Committee: Managing Construction Productivity

 

The construction industry as a whole continues to be challenged by very limited productivity gains. In fact, in many categories of the construction industry, including industrial (non-farm and non-residential), statistical data shows that productivity has actually decreased over the span of the last 30 to 40 years.

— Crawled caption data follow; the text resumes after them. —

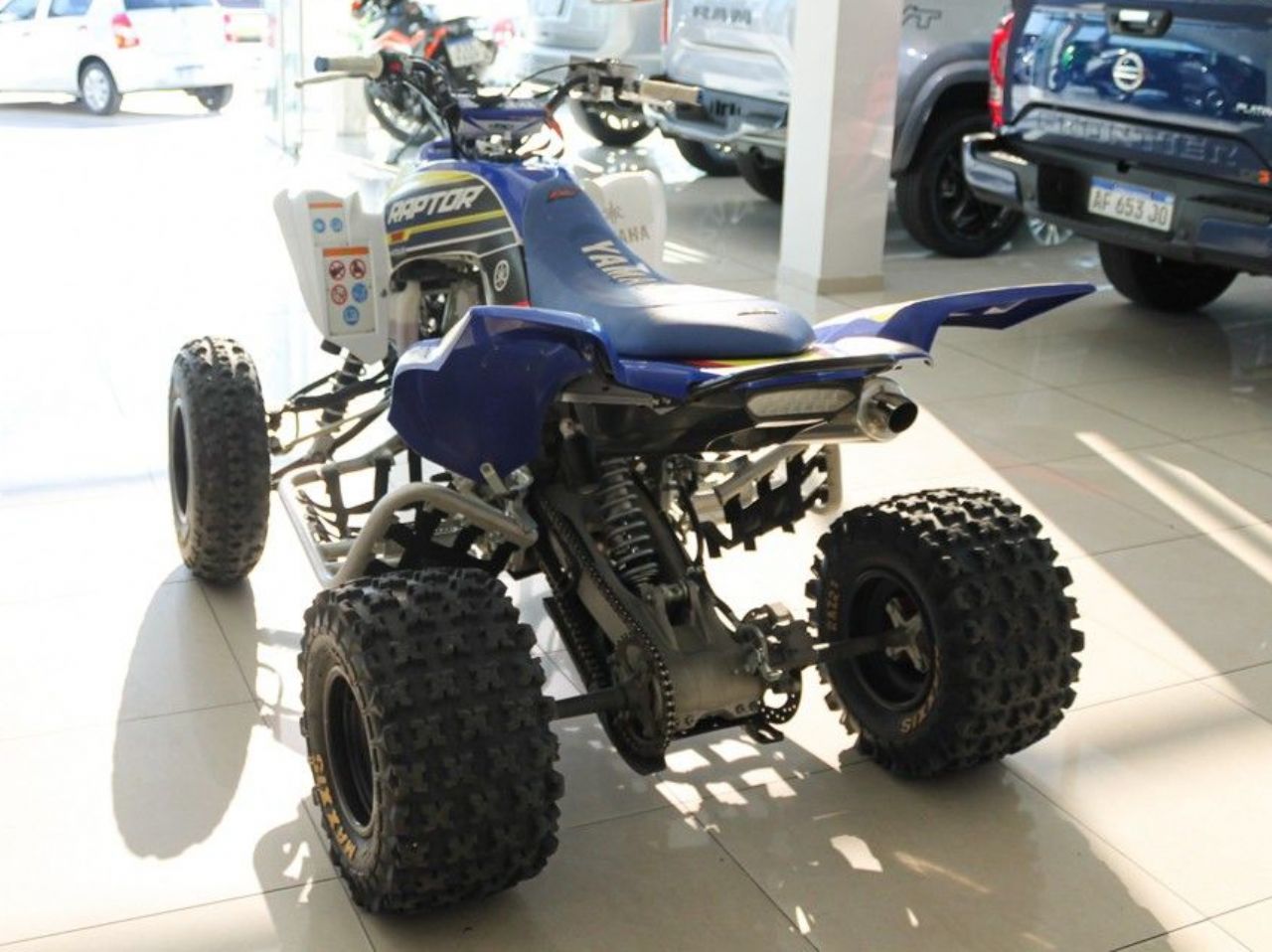 Yamaha YFM Usado en Mendoza, deRuedas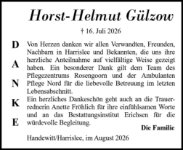eine Anzeige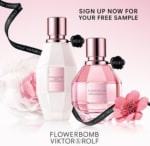 Gratis staaltje flowerbomb Viktor&Rolf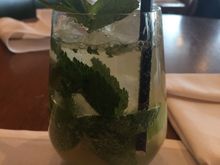 Signature drinks Ginger Forest 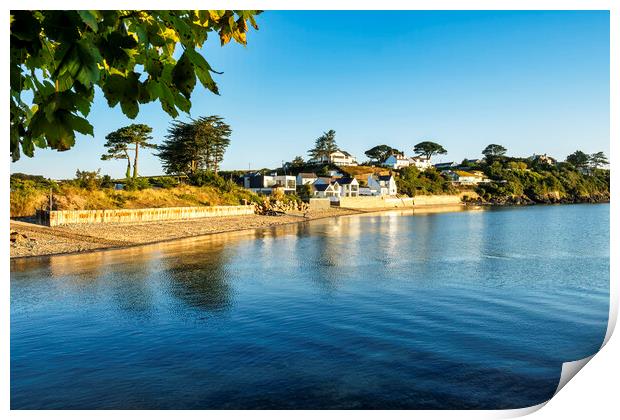 Abersoch North Wales Print by Tim Hill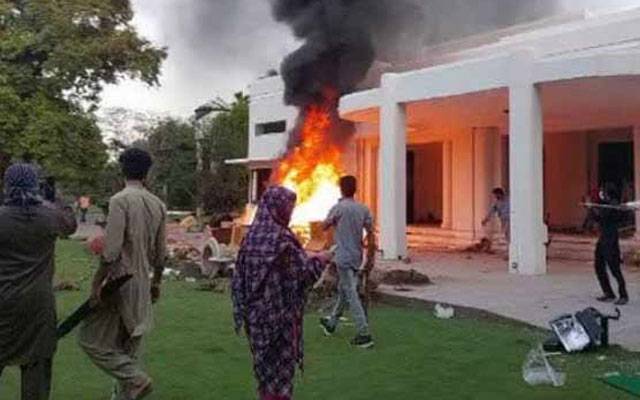  جناح ہاؤس حملہ کیس : 23 روپوش ملزمان اشتہاری قرار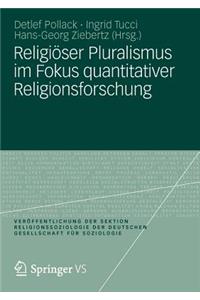 Religiöser Pluralismus Im Fokus Quantitativer Religionsforschung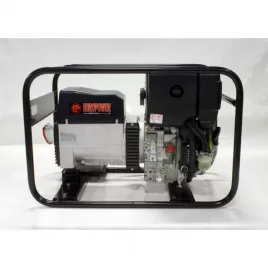 Profesionální dieselová třífázová elektrocentrála 7 kVA EUROPOWER EP7000TDE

The description of many of the reasons for poor productivity is well known to industry practitioners. However, it is difficult, if not impossible, to identify the relative importance of these due to the varying nature of work from project to project. But industry research, surveys and the work of CURT committees suggest several systemic drivers:

  • Unique Projects Built by Varying Teams under Varying Site, Regulatory and Weather Conditions – Construction projects are all different in many ways for often unavoidable reasons. These variations include owners, financial relationships, design, team members, workers, site locations, ground conditions, weather, regulatory codes, etc. These are all reasons why it is so difficult to optimize knowledge, take advantage of past “lessons learned” and utilize capital intensive methods which might not work on future projects. There is a need for flexible approaches that minimize risk instead of the most efficient solution for a particular case.
  • A Procurement System Based on Competitive Rather Than Collaborative Teams – In many project teams, there is a lack of integration of design and construction, and often poor collaboration among team members. This leads to risk-averse behavior as team members try to protect themselves from the impacts of changes caused by errors, omissions and owner modifications. These issues are frequently present on design-bid-build and even design-build projects where some team members submit bids (typically sub-contractors), the low bidders receive awards and then try to benefit from extra work. The results are projects that are over budget, behind schedule, and more claims. It is not surprising that labor productivity suffers under these conditions.
  • Poor Use of Data Based Largely on Paper Documents Produced by a Highly Fragmented Team – The use of paper documents produced by architects and designers working independently, with little or no interoperability, and not able to find many problems until the construction phase, leads to difficulties in coordinating and managing the work effort. For example, there are significant additional costs from capturing and resolving the data from multiple independent sets of plans which are inherent in this process and result in errors, omissions, extra work, and claims (The additional costs of poor data interoperability were documented in a NIST study titled “Cost Analysis of Inadequate Interoperability in the U.S. Capital Facilities Industry” – http://www.nist.gov/manuscript-publication-search.cfm?pub_id=101287 – published in 2004.).
  • A Business Environment Characterized by Cyclical Material and Labor Costs – Studies and data show that the construction industry is characterized by periodic boom and bust cycles. This tends to reduce investment in capital equipment and use of off-site prefabrication which might not be utilized during a subsequent period of low demand. This reinforces labor-intensive methods, which in turn, puts an emphasis on reducing costs by reducing training of the labor force and use of the cheapest labor available.
  • An Industry Characterized by Many Very Small Firms that Perform a Significant Percent of the Work – The construction industry is characterized by a large number of small firms and relatively few large ones. The smaller firms have difficulty adjusting to more capital intensive methods (potentially improving productivity) because they cannot make the necessary investment. While it is relatively easy for a small firm to enter the industry, during declines it is also easy to exit. Thus, there is considerable turnover at the bottom end of the industry which makes it harder to implement new methods.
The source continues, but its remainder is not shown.